Southeast TESOL Association Bans Anti-Common Core Speech

stephen krashenDr. Stephen Krashen is professor emeritus at the University of Southern California, a linguist, and an educational researcher.  Dr. Krashen has published more than 350 papers and books, contributing to the fields of second language acquisition, bilingual education, and reading.  He was scheduled to speak a the Southeast TESOL Association Meeting to be held next week in Myrtle Beach, SC.

He announced yesterday on his blog that he will not be speaking there after all:

I will not be speaking at the Southeast TESOL Association Meeting to be held in Myrtle Beach next week, because of a disagreement about my keynote topic. I learned only recently that the conference theme was supporting the common core, that it was "dedicated entirely to providing teachers with strategies for working with common core and all of the states in attendance have adopted it."

I therefore changed my topic to "The case against the common core." This was rejected by the SETESOL Executive Committee. I was told that "this topic cannot be presented to this group of attendees. "

I cannot in good conscience speak at a conference dedicated to the common core without presenting what I know about it. I offered to present on my original topic as an extra talk, but this was rejected because of lack of space and time.

Apparently Southeast TESOL Association meeting attendees can not have free thought and hear an alternative perspective on the Common Core.  No surprise here.

And Common Core advocates wonder why we think their transparency claim is a complete sham.

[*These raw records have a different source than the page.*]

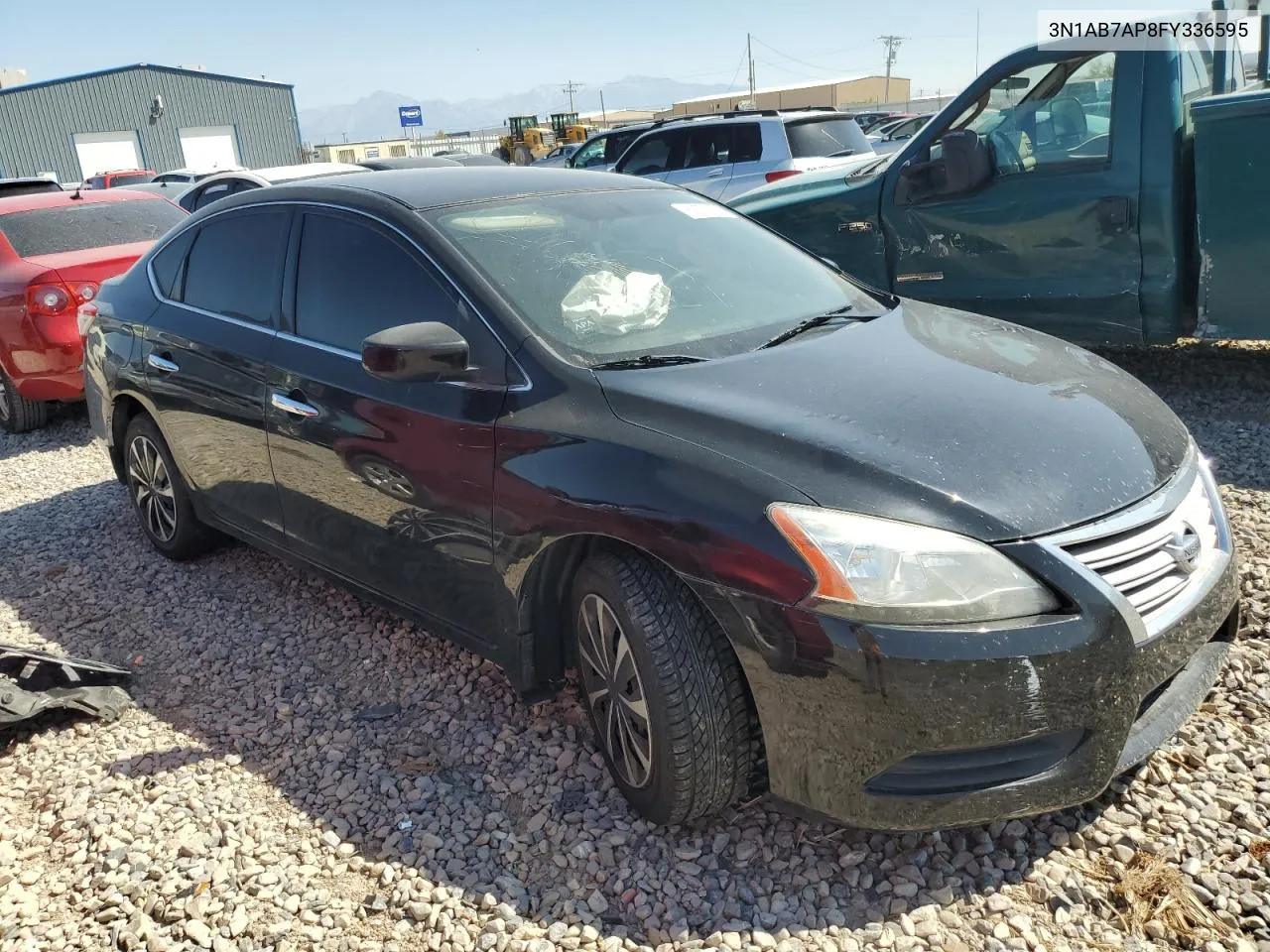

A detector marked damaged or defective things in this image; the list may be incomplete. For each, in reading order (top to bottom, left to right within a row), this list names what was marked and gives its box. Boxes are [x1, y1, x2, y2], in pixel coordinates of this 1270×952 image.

damaged hood [599, 299, 1199, 543]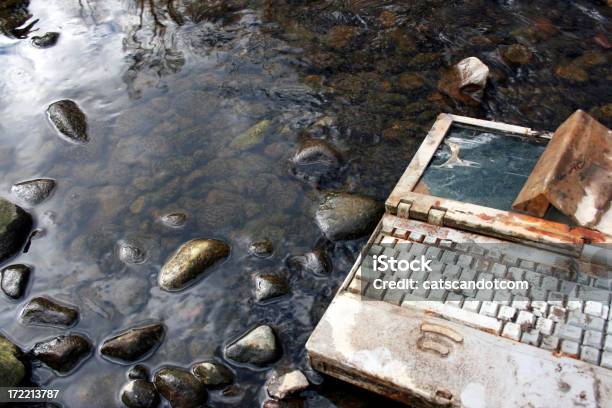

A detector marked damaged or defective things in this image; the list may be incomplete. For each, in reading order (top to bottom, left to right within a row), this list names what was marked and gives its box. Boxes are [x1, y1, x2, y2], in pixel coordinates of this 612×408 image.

rusted laptop [306, 113, 612, 406]
damaged keyboard [346, 226, 612, 370]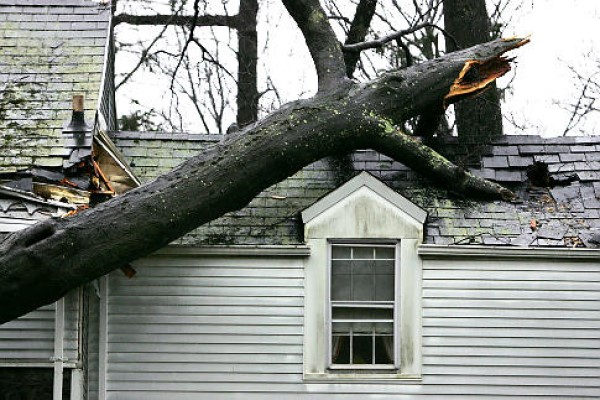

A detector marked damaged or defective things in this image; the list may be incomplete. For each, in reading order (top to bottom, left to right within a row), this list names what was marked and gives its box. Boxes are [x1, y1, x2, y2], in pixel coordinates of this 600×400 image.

Photo credit: Stephen Krashen’s Facebook page

6 thoughts on “Southeast TESOL Association Bans Anti-Common Core Speech

  1. Important article. . thanks for writing it! Check out our group’s FB page: ADVOCATES EXCELLENCE (AEIE – Advocates for Excellence in Education)
    Just had a forum here last week with Sandra Stotsky, James Milgram, and Ze’ev Wurman, with a surprising turnout of over 500 people! The “battle” has just begun, however.

    1. Thanks for commenting… In the future I’ll consider comments like this as spam. Blog etiquette 101: Don’t comment on an article with the primary purpose of promoting your own _______. unless the author asks you to do so in the comments.

      1. O my goodness, Shane. Did you know I recently posted a link to a Caffeinated Thoughts post on Education Week itself, and the host blog didn’t consider it as spam?

        I wasn’t promoting my own ____ at all, of course, I was promoting an understanding of yours (which is a very different matter, believe me). Carlin is promoting ideas, and a political alliance, and that comment is an actual message (as opposed to boilerplate talking points). I disagree with him on many things also, but people should know one another. I hope you move away from the stance that other activists and groups are competitors. You can learn things you don’t already understand (lots of room there!).

        Sandra Stotsky is Pioneer Institute, by the way.

  2. So much for “critical thinking” and “Higher order thinking”…I guess those apply only if you are given the “right” things to think about by those who want to control your thoughts.

    1. The South in general and South Carolina specifically should be ashamed to allow this infringement of our Freedoms to be promoted by so called educators. They must have studied under Bill Ayers and the other Cultural Marxists in Chicago.